The utilities industry is rapidly changing. New technologies, increased affordability of renewable energy options and even entirely new business models have resulted in major disruption across the industry. Large utility companies all over the world are suddenly finding themselves with shrinking market cap and devalued assets and are looking for ways to make up for this accelerating revenue shortfall. Navigant just released its report on the future of the energy industry, and Consulting recently caught up with Jan Vrins, Navigant’s Global Energy Practice Lead, to talk about this disruption and the role consultants will play in the rapidly changing utilities landscape.
Consulting: What are some of the biggest changes the utility industry is undergoing?
Vrins: We have visualized the utilities industry transformation into something we call “the energy cloud”, where we clearly see the traditional utility industry model transitioning from large centralized power generation, transmission, distribution and delivering the power, to a model where there’s a lot more of what we call “distributed energy resources.” There are two-way power flows where consumers produce their own power, whether residential clients through rooftop solar or large commercial and industrial customers through generation, which really changes the complete system from a technical, operational as well as financial perspective. Within the energy cloud there are two-way power flows, a lot more distributed energy resources like microgrids and distributed generation and storage. It really changes the dynamics of the electric infrastructure as well as the financials.
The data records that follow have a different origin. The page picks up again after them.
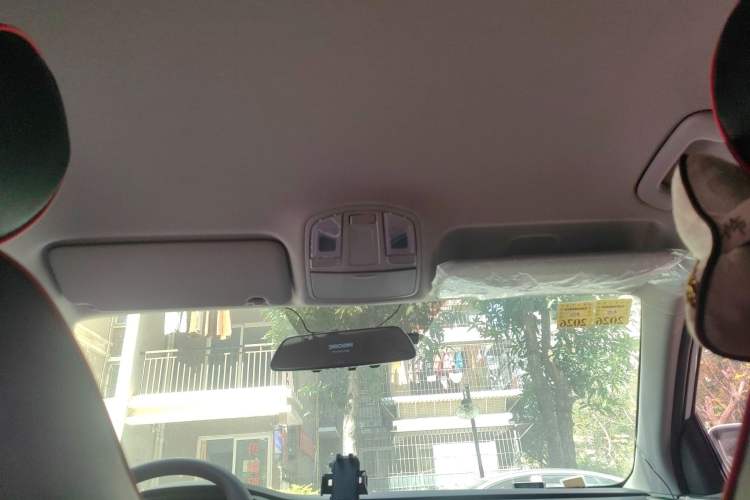 Used Hyundai ix35 2018 2.0L Manual Two-Wheel Drive Zhiyong·Changzhi Edition Headliner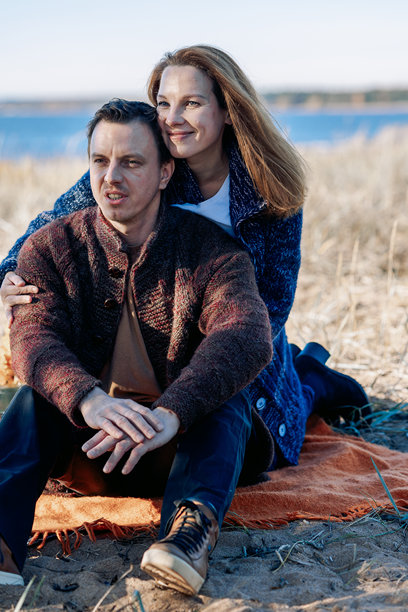 幸福美丽的情侣在秋天的公园享受秋季野餐。竖版照片图片下载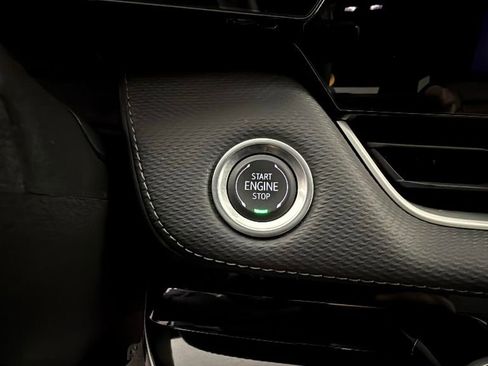 Certified 2025 Chevrolet Equinox LT image 22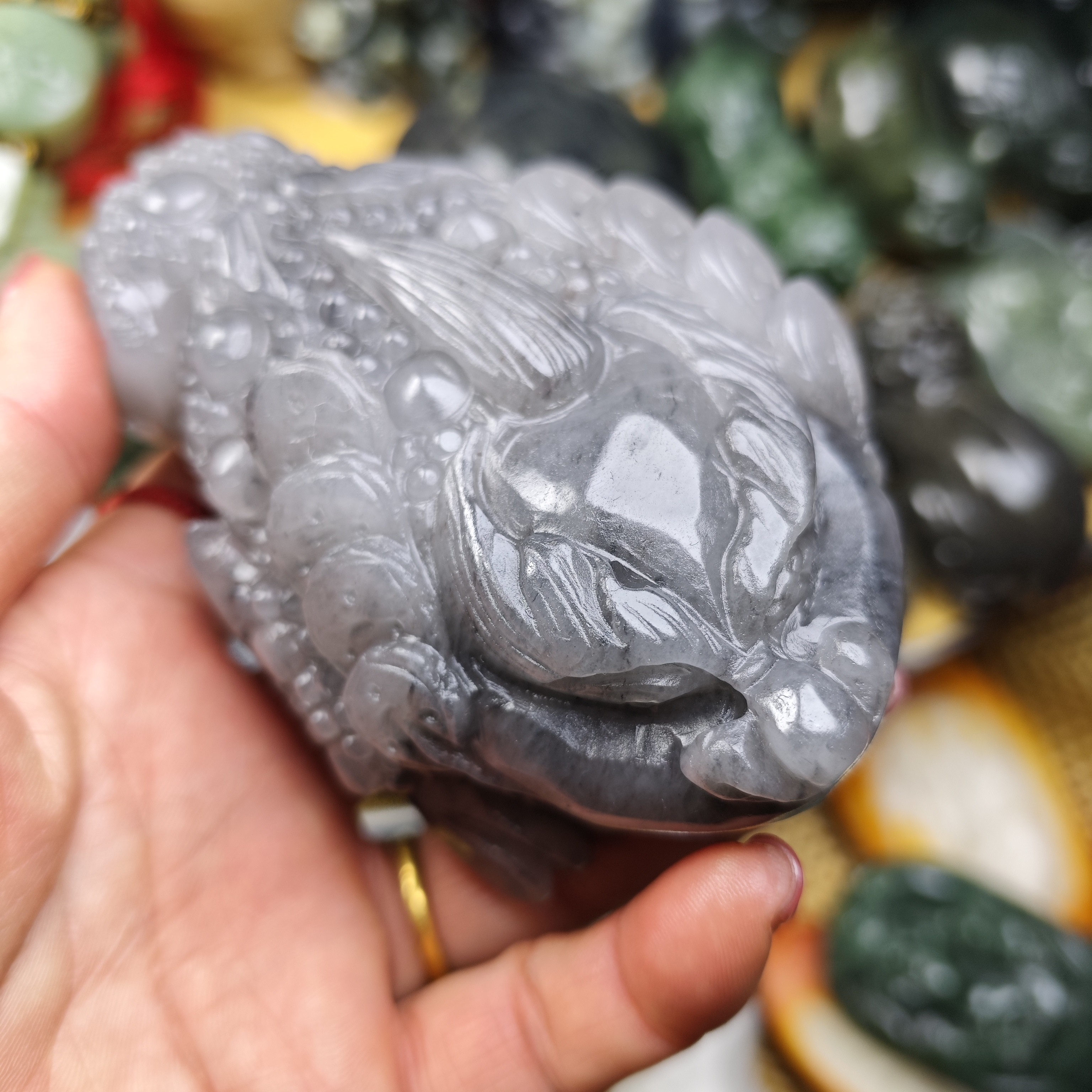 新疆北江三彩玉摆件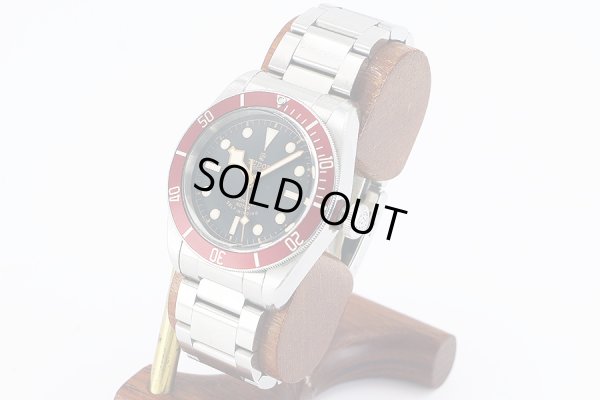 チューダー　ヘリテージブラックベイ　７９２２０Ｒ　黒文字盤　赤ベゼル　サイド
When I start to produce my own power as a customer and I can sell it back to the grid, that changes the dynamics quite a bit.
Consulting: What does Navigant’s report say about the present and future of utilities industry consulting?
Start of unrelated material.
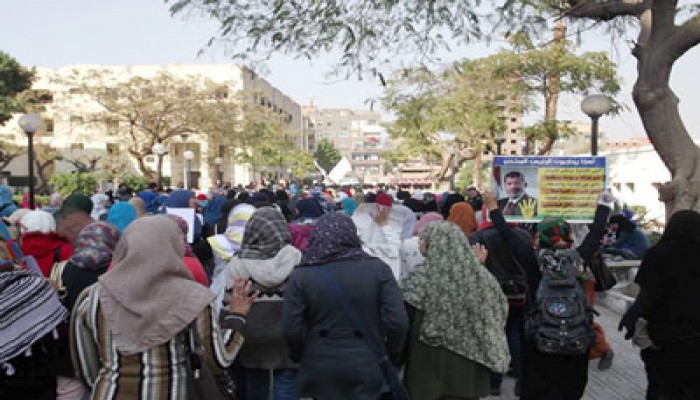 طلاب جامعة القاهرة يواصلون فعالياتهم الرافضة لاستفتاء الدم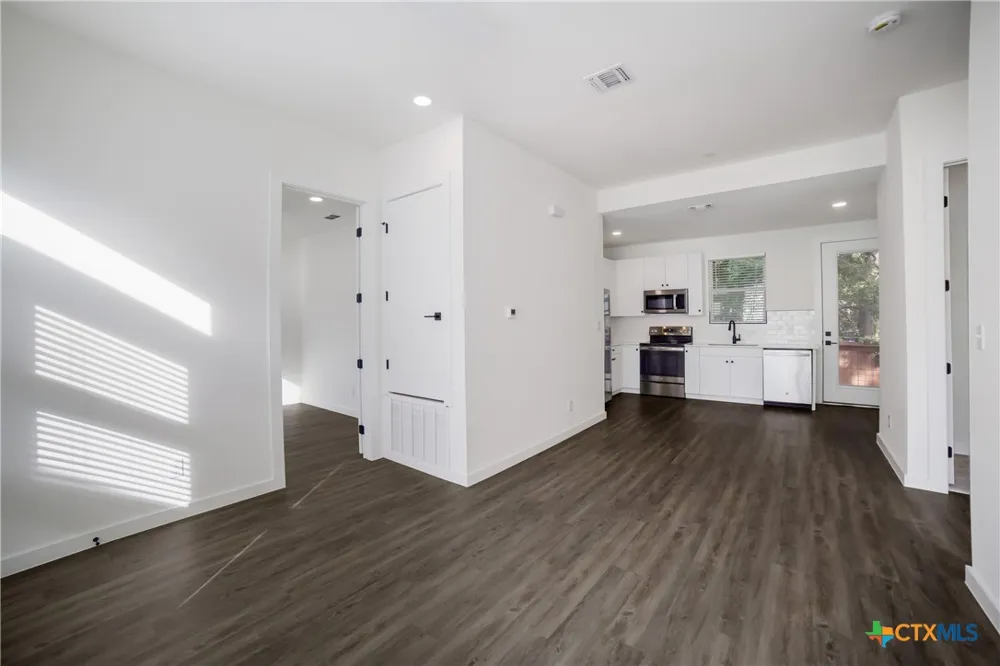 587 E Basel Street New Braunfels, TX 78130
Vrins: There’s a lot of disruption happening, and renewables is definitely a big disruption to the industry. NRG announced bankruptcy of their generation portfolio, and we’ve seen previously in Germany as well where large utilities really took some significant write-offs and devaluation on their generation assets. A company like E.ON five years ago had a market cap of 44 billion euro, they took some depreciation of their generation in the last couple of years and actually spun out their assets into a separate company at the end of 2015, and E.ON’s current market cap is closer to 12 to 14 billion because of the devaluation of their generation assets. That was mainly because of renewables that made it impossible for traditional generation plants to run profitably.
Consulting: What role do you see for utility industry consultants in the midst of all of this transformation?
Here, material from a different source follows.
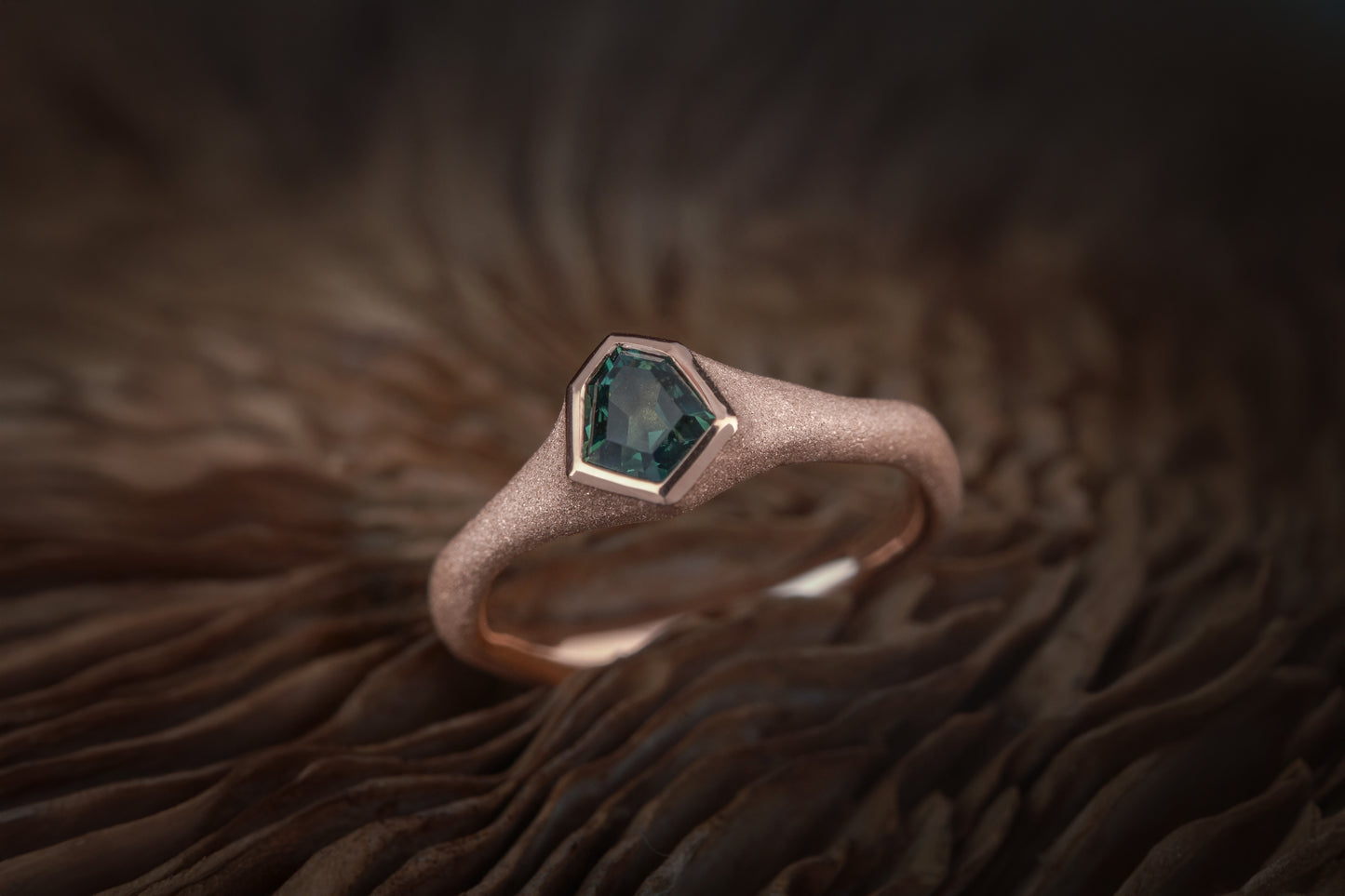 Raudono aukso žiedas su safyru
Vrins: As consultants, we really need to think through with our clients how to navigate this industry transformation. There will be winners and losers, there will be companies that are able to transform their business successfully and build new revenue streams, business models, and products and services their customers will buy. There will be other utilities that will be less successful, and they will see the value they provide to their customers, and with that shareholder value, decline. At Navigant we’re seeing more and more need for clients to think strategically about their business, well beyond traditional business models. Electrification of transportation, energy management around buildings, microgrids. We’re seeing a lot of new disruptive technologies becoming available at a very low cost. Now as consultants we need to bring those technology solutions to our clients and say hey this is a technology that will disrupt your business but it will also be an opportunity for you to build a new revenue stream and provide products and services and the underlying technologies to your clients.
Consulting: How’s Navigant helping clients move forward in this reality?
Vrins: I think what we’re bringing to our customers is how do you innovate? Utilities have traditionally innovated around that traditional business model, the old electric system infrastructure. But now they need to innovate around new markets, products and services and different technologies they haven’t dealt with in the past. The pace of change and innovation is increasing exponentially. We see that with technology coming into the space and the prices becoming so cheap that utilities really have to innovate much quicker, they have to partner as well, we’re helping them form partnerships and even acquire companies. That’s what it does for our business; it’s exciting. I always tell new consultants coming into our profession that Energy and Utilities is really a cool industry to be in now because there’s so much happening from a technology perspective, from a regulation perspective, from a business transformation perspective. We’re attracting a lot of talent, young people who are very interested in energy, to be honest, tied into global warming and what the industry can do to mitigate it.